Can horses join these realities? Yes they can! When we act as their prosthetics in navigation (trough us horses have access to the internet). When we loose contact from each other, we cannot have access to the same reality again. If I die the horse will not miss me, it will brief for my death in a similar way I grief for something I’ve forgot. Something which I cant remember anymore.

Affect is not synonymous with human emotion, for Deleuze and Guattari; rather, it ‘crosses species boundaries that are normally ontologically policed’, passing between bodies of differing species and drawing them into ‘unnatural participation’ and ‘unholy alliances’.

Becoming is not product or goal oriented, constantly aiming to arrive at some imagined end-point; rather, Deleuze and Guattari insist that ‘becoming produces nothing other than itself’ or, again that ‘there is nothing outside of becoming to become’.

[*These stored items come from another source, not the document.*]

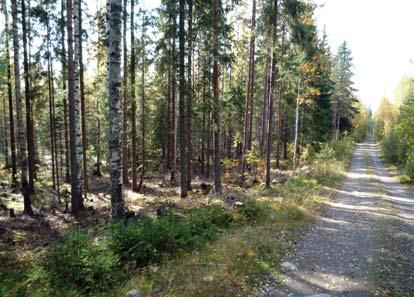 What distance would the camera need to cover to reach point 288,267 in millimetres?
5793

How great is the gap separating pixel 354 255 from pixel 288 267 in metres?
1.92

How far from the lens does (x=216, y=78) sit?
42.3ft

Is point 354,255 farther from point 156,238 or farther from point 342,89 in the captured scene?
point 342,89

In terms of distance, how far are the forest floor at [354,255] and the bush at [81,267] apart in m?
2.72

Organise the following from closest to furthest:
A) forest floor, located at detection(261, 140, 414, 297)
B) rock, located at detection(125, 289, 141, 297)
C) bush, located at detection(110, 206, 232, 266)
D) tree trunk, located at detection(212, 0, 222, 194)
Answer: rock, located at detection(125, 289, 141, 297), forest floor, located at detection(261, 140, 414, 297), bush, located at detection(110, 206, 232, 266), tree trunk, located at detection(212, 0, 222, 194)

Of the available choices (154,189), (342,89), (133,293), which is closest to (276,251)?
(133,293)

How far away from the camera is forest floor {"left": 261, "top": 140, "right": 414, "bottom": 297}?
5.00 m

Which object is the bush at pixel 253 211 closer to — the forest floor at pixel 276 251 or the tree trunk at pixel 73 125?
the forest floor at pixel 276 251

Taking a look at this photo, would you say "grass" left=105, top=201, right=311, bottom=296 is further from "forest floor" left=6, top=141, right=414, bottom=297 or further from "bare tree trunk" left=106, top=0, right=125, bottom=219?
"bare tree trunk" left=106, top=0, right=125, bottom=219

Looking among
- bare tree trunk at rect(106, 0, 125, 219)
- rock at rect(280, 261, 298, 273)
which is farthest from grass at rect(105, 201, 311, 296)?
bare tree trunk at rect(106, 0, 125, 219)

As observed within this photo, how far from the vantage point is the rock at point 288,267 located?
569 centimetres

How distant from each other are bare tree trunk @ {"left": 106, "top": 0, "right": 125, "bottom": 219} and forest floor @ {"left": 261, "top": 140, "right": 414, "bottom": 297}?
4298 mm

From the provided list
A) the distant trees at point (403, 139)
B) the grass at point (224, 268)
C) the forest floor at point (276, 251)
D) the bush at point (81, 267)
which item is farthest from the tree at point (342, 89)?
the bush at point (81, 267)

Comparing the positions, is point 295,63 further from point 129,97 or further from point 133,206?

Focusing on speed (as an issue when forming relationships with animals) reminds me of Eyal Weizmans’ observation of highways of “walls of speed” which are intended to segregate citizens.

Different animals have different ways of being in time that produce what lies above and below their threshold of perception.

In the text this idea is explored further in relation to  dynamic is discussed in relation to Marcus Coates Dawn Chorus (2007) video. During the production of the video they realised that when a birds song is slowed down, more notes can be identified (realtime 4-5 notes, slowed down up to 40 notes).

[…] the political dimensions of becoming-animal lie in its resistance to an ontological distinction, and therefore hierarchy between human and nonhuman animals. […] Two ways of performing this opening […] are to affirm the immanence of becoming to imitation; and to explore affects as a durational or temporal relation. […] Deleuze’s emphasis on affet invites us to break with the condescension of pity in favour of ‘unnatural partisipation’

I don’t think that anthropomorphism is bad. It is a form of imitation, a process of simulating other beings (in a human-sense-making matrix). It can be helpful for developing genuine localised knowledge of animals. For example rumours of a horses behaviour, explained in human-terms, passed forwards at a stable environment, may help us understand how to better work with a particular animal. Anthropomorphism also gives us important information on how we approach others: It helps us map out the specificities of our human-centric understanding and highlights our failures in developing an understanding of others (hiding it, will not change it).

Also, Timothy Morton argues that it’s telling how stigmatised anthropomorphism is: Perhaps it’s not permitted to sympathise with a pigs, because showing sympathy towards them would reveal their exploitation to be sadistic and cruel (But Humans are not bad, right? We’re only “misinformed”.) Jason Hribal argues that by retelling anthropomorphic stories, we can show the mechanism that build institutions which benefit from the humans/animal (and master/slave) divisions. For example: Disney stories illustrate our disgust to some species, only after this informations is outed we can affect it.

Side note: Humans can only slow down information (to make it understandable for themselves) but they cannot speed up their information intake – Humans always hear in “real time”#ॐ. If fast information streams are slowed down they can come understandable for humans (because data of the recoding becomes accessible to human sense-making and perception speeds), but slow messages will loose their data when they are speeded up (because the data is compressed and the resolution will be too high for human sense-making and perception). This means that humans cannot develop realities with beings, which make sense at a slower pace then they do. Even when they alter the speed in which signs of slower-then-human-sense-making-animals are experienced (ie. the speed of a recording of whale singing), they cannot make sense of what they hear slow enough. This means that human relationships to beings that reside in slower pace realities are noisy. To gain information from such realms, humans need to decrypt their experience, which is a slow and time consuming process. Humans must think fast to understand slow.